Updating External Kubernetes Cluster Admin Groups

If HPE Ezmeral Runtime Enterprise is configured to use LDAP/AD authentication (see Configuring User Authentication Settings), then the Update Cluster Admin External Groups button (persons) appears in the Actions column of the Kubernetes Clusters screen (see The Kubernetes Clusters Screen). Clicking this button opens the Update Site Admin User Groups popup, which allows you to specify LDAP/AD user group(s) that will be assigned the Kubernetes Cluster Administrator role.

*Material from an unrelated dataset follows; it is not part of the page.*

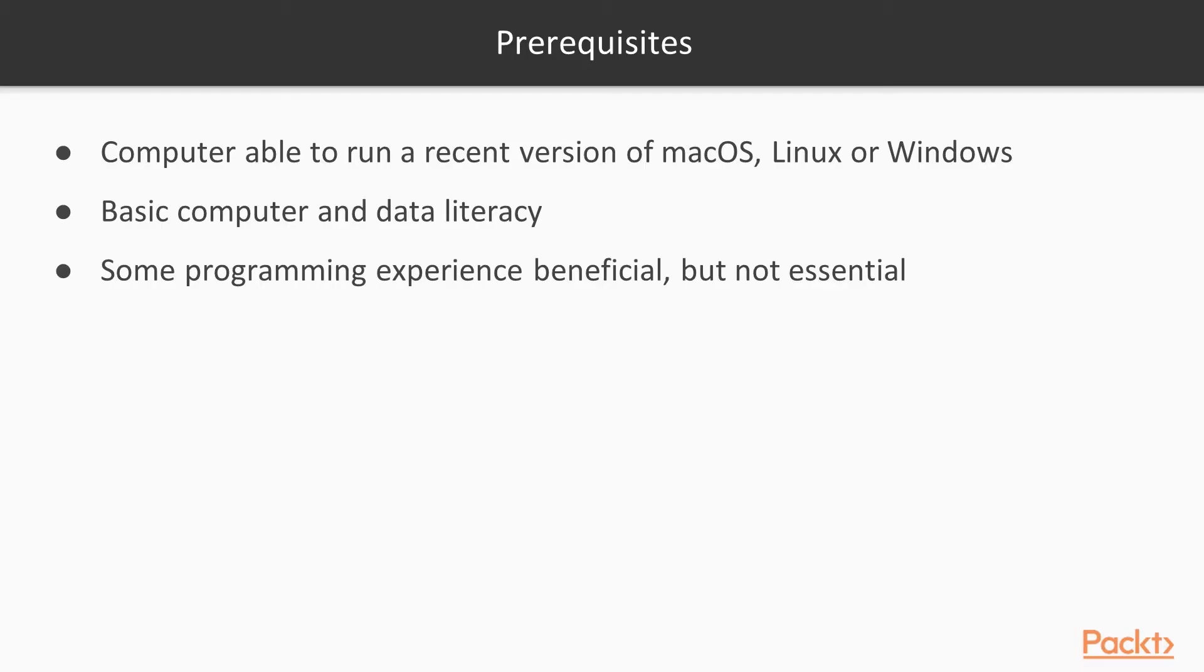Taking this video course does not require much from you. You should have a computer running a recent version of macOS, Linux, or Windows. You should have basic computer literacy and a familiarity with your operating system, and a basic understanding of data. You'll find the course a lot easier if you have some previous programming experience, but it's not absolutely essential.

To configure the LDAP/AD group(s) that will be assigned the Kubernetes Cluster Administrator role:

In the Kubernetes Clusters screen, click the Update Cluster Admin External Groups button (persons) in the Actions column for the Kubernetes cluster for which you want to make the assignment.
Enter the first group to associate with the tenant in the field that appears, as shown in the example above.
To add another group, click the Add Another User Group icon (plus sign) to the right of the field.
To remove a group, click the Remove Group icon (minus sign) to the right of the group you want to remove.

When you have finished making your desired changes, click the Submit button to close the popup and return to the Kubernetes Clusters screen. See The Kubernetes Clusters Screen. HPE Ezmeral Runtime Enterprise will confirm the exact DN of the group in the LDAP or AD server and use that DN to do group membership checks on users.